EHS Students Work to Solve “Murder”
EHS Honors Biology and AP Biology students were hard at work last week trying to solve a murder during its annual CSI unit.
Since 2004, Mrs. Julia Doll, EHS science teacher, has been coordinating this yearly activity.
“Throughout the years, we’ve learned lessons on different things and have come up with different ways to keep evolving it to where it is today.”
It’s a unit that Doll relies heavily on others for as well. The school’s SROs are the officers on scene, while drama and theater provide the dead body and other individuals and are tasked with the make-up, the set, lighting, and sounds. Journalism and yearbook have also been part of the cross-curricular event.
The CSI unit begins with the scene day in which students learn of the dead body and have an hour to examine the scene by collecting evidence, taking pictures, and conducting interviews.
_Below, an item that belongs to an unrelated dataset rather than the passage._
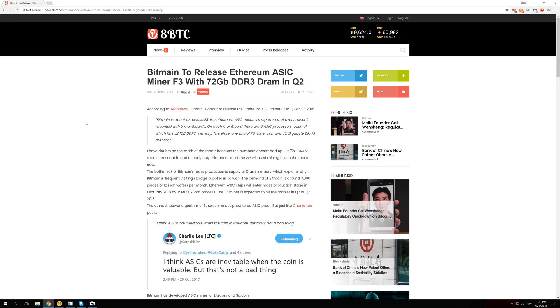Welcome back guys to another video and today we have some rumors about Ethereum ASIC miners from Bitmain. So Bitmain currently has ASIC miners for Bitcoin, Litecoin and Dash so this would be a perfect fit for their lineup of ASIC miners, this new Ethereum ASIC miner.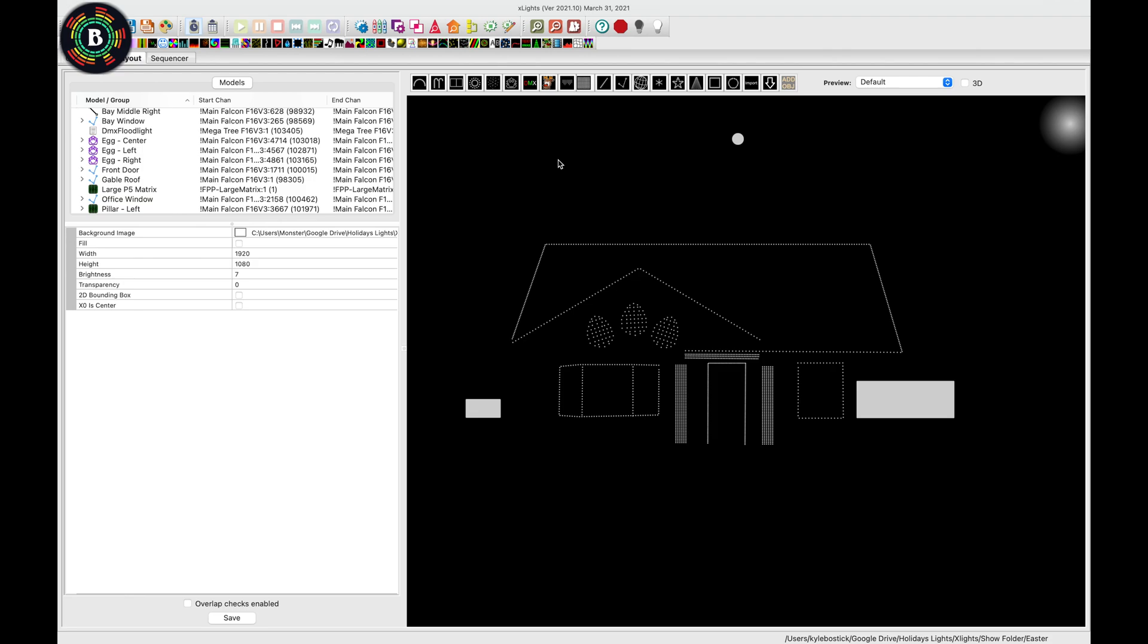Hi everyone, Kyle here from Bostick Family Light Show. We've been asked a few times how we get the vertical text to work on our column matrices, so I'm going to run through a quick video on how we got it set up.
Doll even makes the scene as real as possible, making it dark before rain and thunder set in, which forces the students to work faster, but by still being accurate and efficient.
The next part of the activity is referred to as lab day where they are split into various groups to study the forensics through DNA, gels, solutions, footprints, fingerprints, hair, and blood spatter. As they work, they can ask questions to obtain more information to help them figure out who committed the crime.
“Sometimes they do solve it. Sometimes they don’t. Sometimes they don’t have enough information and have just circumstantial evidence,” said Doll. “They always want to assume, but we have to remind them they need factual information. This really takes them to a higher level of thinking.”
The unit also gives them other life lessons.
“Learning to adapt to different situations, working with people they may not know, stepping outside their comfort zone in tasks they are not comfortable with,” said Doll. “CSI is essentially deductive reasoning and that is something we use in all parts of our life – not just solving a murder.”